Look on any college campus and you will encounter students who are constantly using their cell phones. In addition, checking out websites for personal and college use is expected along with the ability to email anyone that you wish to be in contact with even if it’s during class. Remember that not all companies are alike but the following tips should help you stay out of trouble in your new internship or job.
- Be prompt in responding to all company email while on the job. Managers may wonder what you’re doing if it takes a day or two for you to respond to important emails. If you are working on finding an answer before answering an email, it may be wise to let the person know this so that they don’t think that you’re not responding or that you didn’t receive the email in the first place.

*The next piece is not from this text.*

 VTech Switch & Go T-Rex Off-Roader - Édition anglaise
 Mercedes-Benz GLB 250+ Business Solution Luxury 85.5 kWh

- Make it a point to find out your company’s policies and procedures when it comes to what is expected of its employees. You can check with the company’s Human Resources Office which should be able to provide you with the necessary information. If not, check with your supervisor or check out the company’s website. It’s easiest to do this at the beginning of employment to avoid any embarrassing moments.
- Be mindful that any communications you send via email may be monitored by the company. Never send personal messages via company email. Your email history may be periodically checked and this can adversely affect you on the job. It’s best to have a personal email account and use that for personal use while leaving your business account for all company email only.

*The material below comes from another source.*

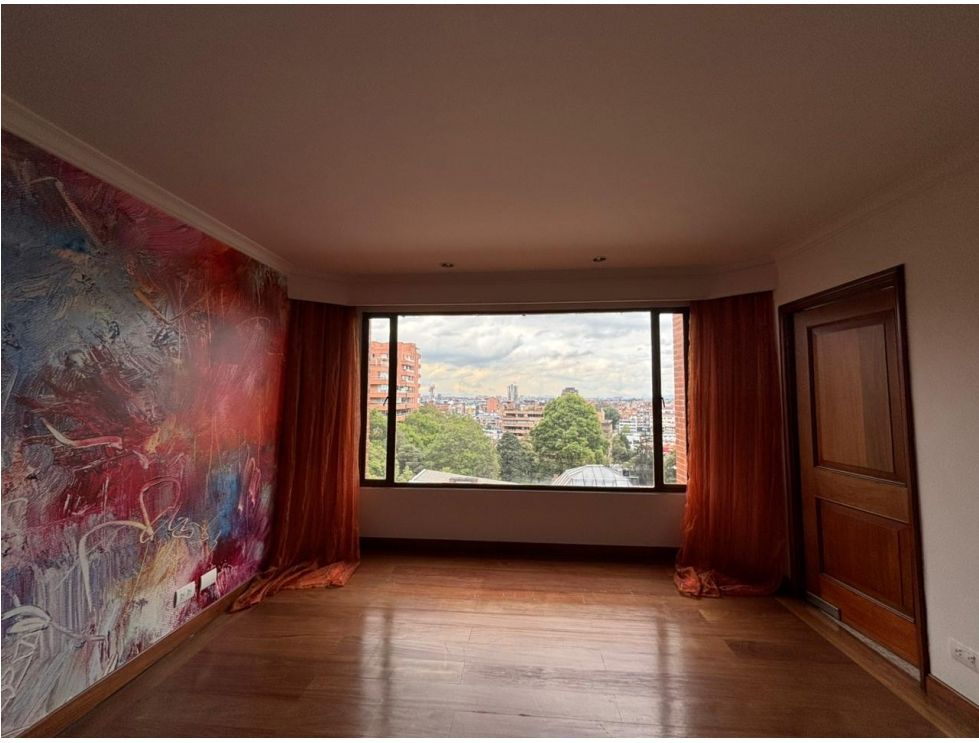 Foto 3 de 20: Apartamento en La Cabrera, Bogotá D.C.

- Some companies have strict policies on what employees may download on computers at work. Don’t make the mistake of web surfing on the job because this could end up causing you to lose a job even though you may feel that you are not doing anything wrong.
- Be mindful of what you post on social networking sites. It may not be a good idea to boast about getting drunk at last night’s party. Once you have a full-time job you are not only representing yourself, but you are also representing your company. Imagine having someone managing your hard earned money only to find that they are frequently engaging in immature and irresponsible behavior.
- If you accidentally log onto a site that’s prohibited, log off, and report it to the appropriate person such as the IT Department or your manager.
- Find out the companies policy on personal phone calls and personal cell phone use. Policies vary and can be anything from no personal phone calls while working to keeping personal phone calls to a minimum and use only when absolutely necessary.
These tips may seem like no-brainers but can be easily overlooked by new professionals who have never encountered in the past monitoring of their personal use of technology and electronic devices.